I tried to scream. Nothing came. My breath had already been stolen. Smoke surged into me, thick and bitter, filling my throat, my lungs, my skull. I couldn’t see. I couldn’t breathe. Blood and ash filled my mouth and my nerves lit up like strikes of lightning. Everything burned. Inside. Out. Gone.
It wasn’t pain. It was obliteration.
Unraveling.
Splintering.
Worse than dying.
Worse than anything.
And through it all, I still heard him.
Will.
Screaming for me.
His voice cracked. Fractured. It cut deeper than the fire ever could.
I couldn’t let them kill my friends.
I wouldn’t.
And then, something shifted.
The fire wasn’t killing me. It was moving into me. Past skin. Past muscle. Deeper. Into my veins. Into my bones. Into the hollow place behind my ribs where everything else had already burned away.

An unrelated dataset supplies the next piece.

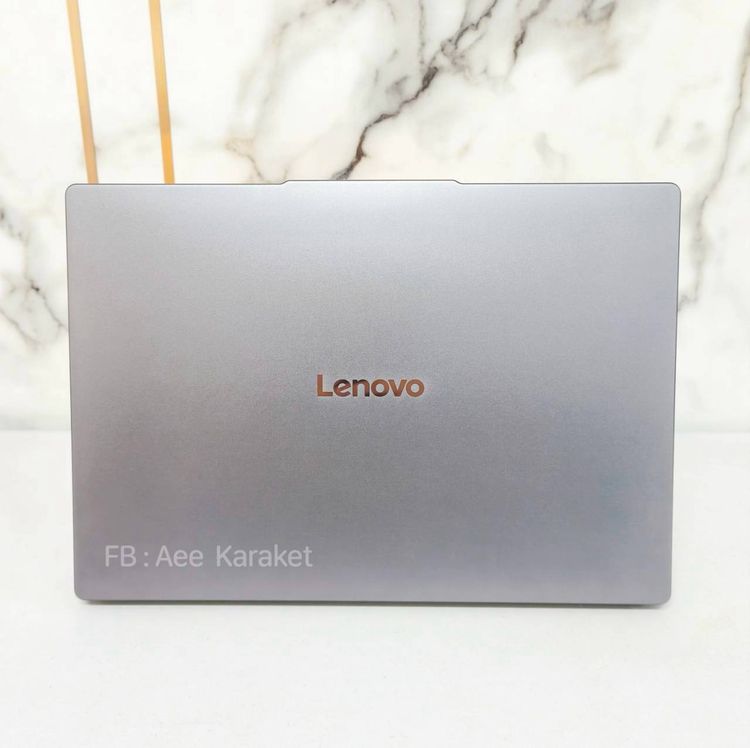 💻 ขาย LENOVO IDEAPAD จอ 15.3" สภาพนางฟ้า ประกันศูนย์ยาวถึงปี 2028 ราคาเพียง 15,900 บาท  รูปที่ 9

I should’ve been ash. But I wasn’t. I was still there.
Still me.
My heart beat. Steady. Defiant. And the fire pulsed with it.
It wasn’t consuming me anymore. It was becoming a part of me. I pressed my hands against the burning wood and coal beneath me and pushed myself upright.
I rose.
And the fire rose with me.
Will lay on the ground, his eyes were wide and unfocused, the horror still etched into every part of him. As if someone had stolen the life from his body and left the rest behind.
He thought I was gone.
He had watched me burn alive.
And the man who’d done it, the one who had thrown me into that fire, was walking toward him. Slowly. Knife in hand.
He wasn’t in a hurry. He thought he had all the time in the world.
My eyes locked on Will, on that knife, and something broke in me.
“NO!”
I didn’t just scream it. I unleashed it. A sound that cracked the air, tearing from my throat. It wasn’t just a word, it was a command. A cry of rage and grief and something deeper. It ripped through the trees, sent birds scattering from the canopy above. It shook the earth beneath us, and made every last one of them stop and look at me.
The man froze mid-step, knife still raised, and I stepped forward.
My bare feet pressed into the ground, embers still glowing beneath me. The fire clung to my skin, wrapped around my arms, but it didn’t burn. Not me.